I understand that uranium content in water is a live issue in USA and countries such as Finland. Any useful inputs from RADSAFE members from various countries may be useful to me. I was a member of an expert group set up by the Atomic Energy Regulatory Board in 2004. We recommended 60 microgramme per litre. This limit is likely to be revised.

I have issued a press release in response to the news story on uranium in well water samples in Varnasi ( Banaras in English). I did it because the item appeared in some leading news papers. I have assured the readers that the levels are neither alarming nor abnormal. I gave the typical values from a number of publications. Data are available from 1976!
I shall send the text of the press release, if any "RADSAFER" is interested.
"Uranium" is now an important component of news in India for various reasons.


----- Original Message ----
From: Dan W McCarn <hotgreenchile at gmail.com>
To: radsafelist <radsafe at radlab.nl>
Cc: parthasarathy k s <ksparth at yahoo.co.uk>
Sent: Monday, 14 July, 2008 12:04:18 AM
Subject: Underground water in Varanasi 

Dan W. McCarn, Geologist; 3118 Pebble Lake Drive; Sugar Land, TX 77479; USA 
HotGreenChile at gmail.com  mccarn at unileoben.ac.at  UConcentrate at gmail.com

Hi - Perhaps Parthasarathy can comment on this: Is the maximum contaminant
level (MCL) for uranium really only 1.5 ug/L in India?  If so, this is
certainly not in line with EU or US EPA values.

Dan ii


The Hindu
Sunday, July 13, 2008 : 1600 Hrs 
'Underground water in Varanasi contaminated with Uranium'

Varanasi (PTI): In an alarming development, a group of scientists has
revealed that underground water in Varanasi and adjoining areas is
contaminated with Uranium but the Centre and the state government are
unaware of the fact.

The study conducted by G C Chowdhary, former Professor at the Geology
Department of Banaras Hindu University and S K Agarwal, also a professor of
Geology, has shown that the drinking water in the University premises some
other places in the city contains radioactive Uranium more than the
recommended limit. 

Samples for the study were collected from 11 tubewells tapping deep aquifers
(more than 100 meters deep). 

The Uranium content varied from 2 to 11 ppb (parts per billion) while the
permissible limit is only 1.5 ppb. 

Chowdhary said the underground water also contains heavy metals such as
Chromium, Manganese, Nickel, Ferrous, Copper, Zinc and Lead. 

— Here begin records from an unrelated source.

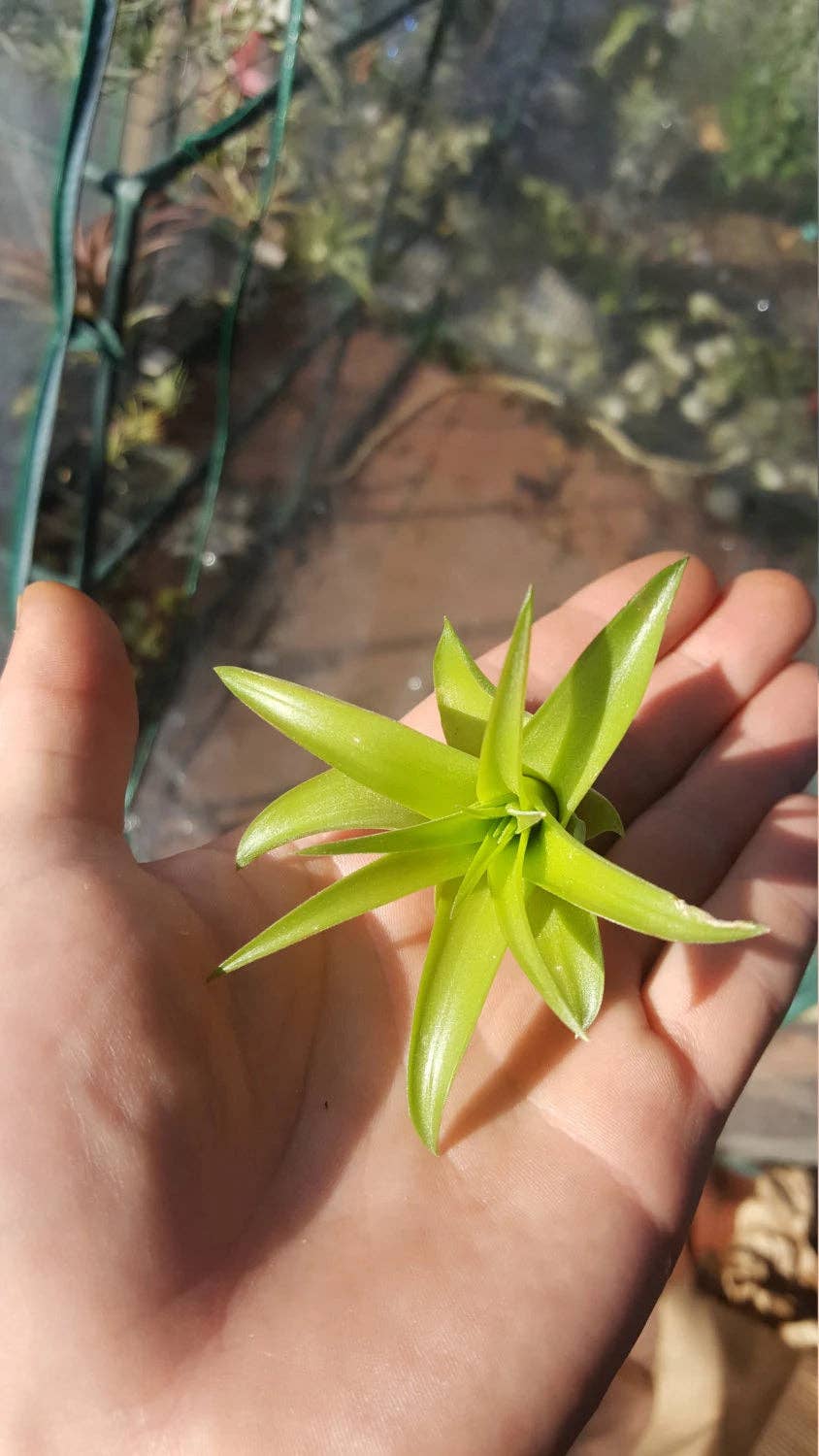 Airplant Direct - Wholesale Live Plant - Tillandsia Brachycaulos2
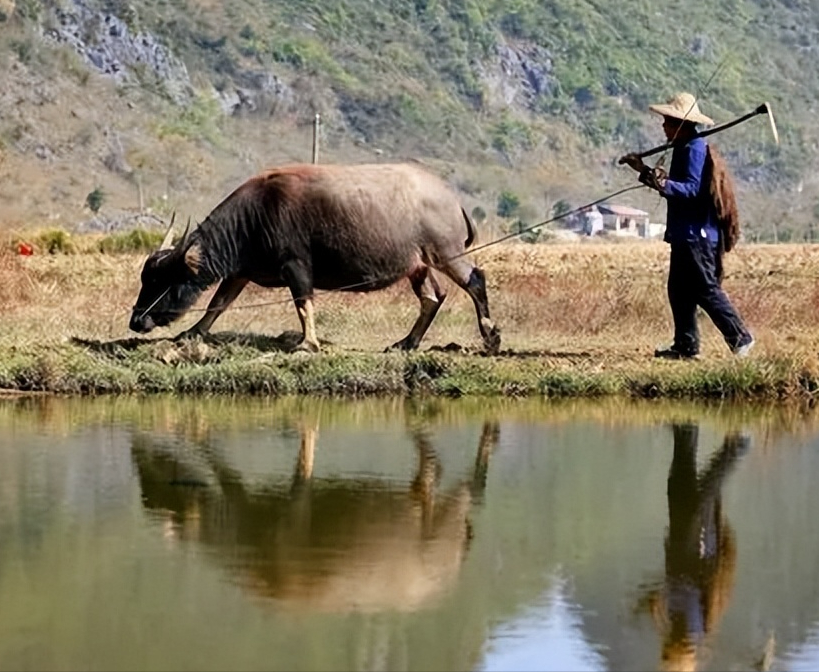中国人能驯化水牛,让它耕地千年,非洲人怎么不去驯化非洲水牛?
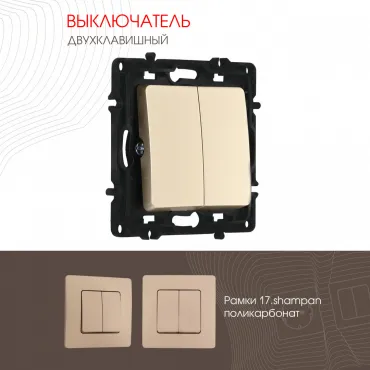 Выключатель двухклавишный, 10AX 250V 217.30-2.shampan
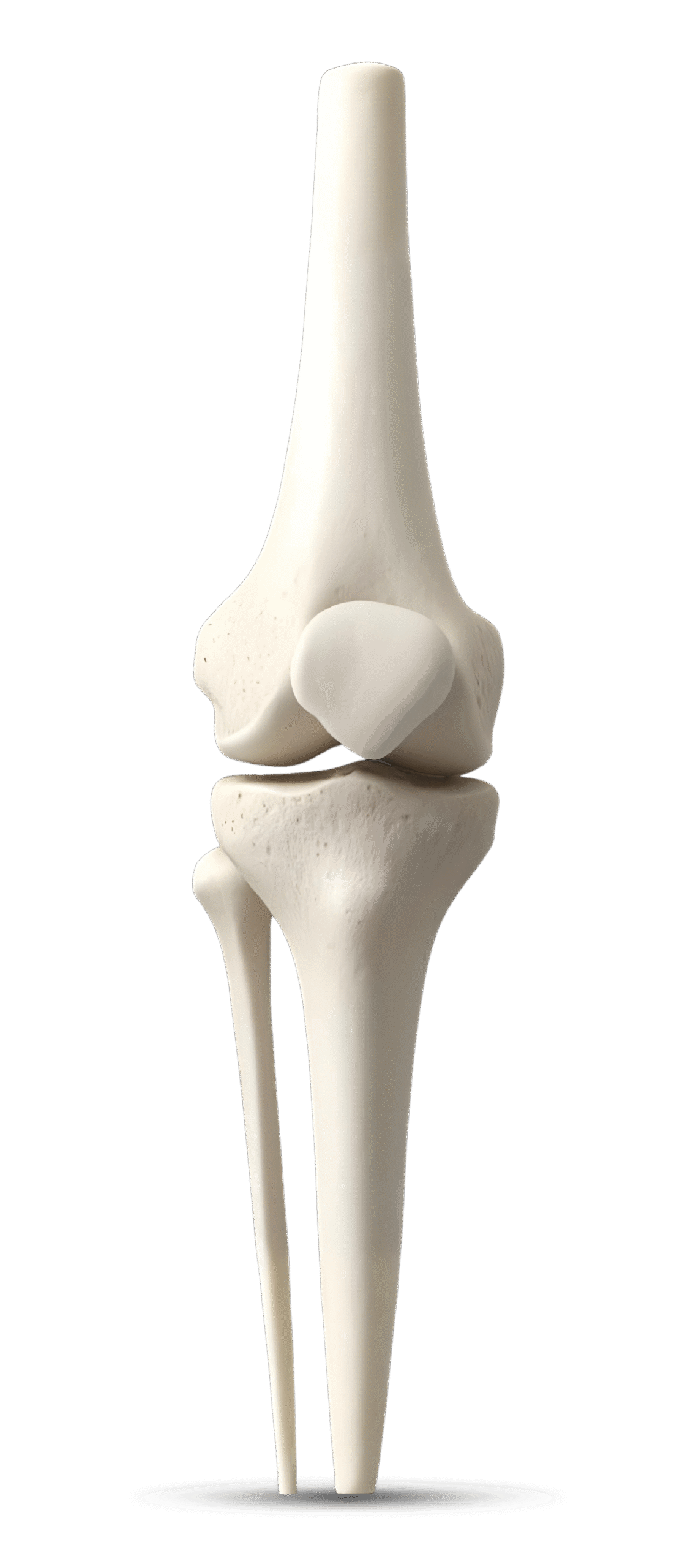 Knee Joint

He said they had also published their first research paper in this regard in
the Hydrology Journal of Indian Association of Hydrology in 1990s, clearly
predicting health hazardous of water contaminated with these elements beyond
the permissible limit. 

Member Secretary of the UP Pollution Control Board, CS Bhatt, told PTI on
phone that he had not come across any report, which suggests that the
underground water in Varanasi is contaminated with any sort of radioactive

There is no facility with the board to investigate any such occurrences even
if it comes to its knowledge, he said.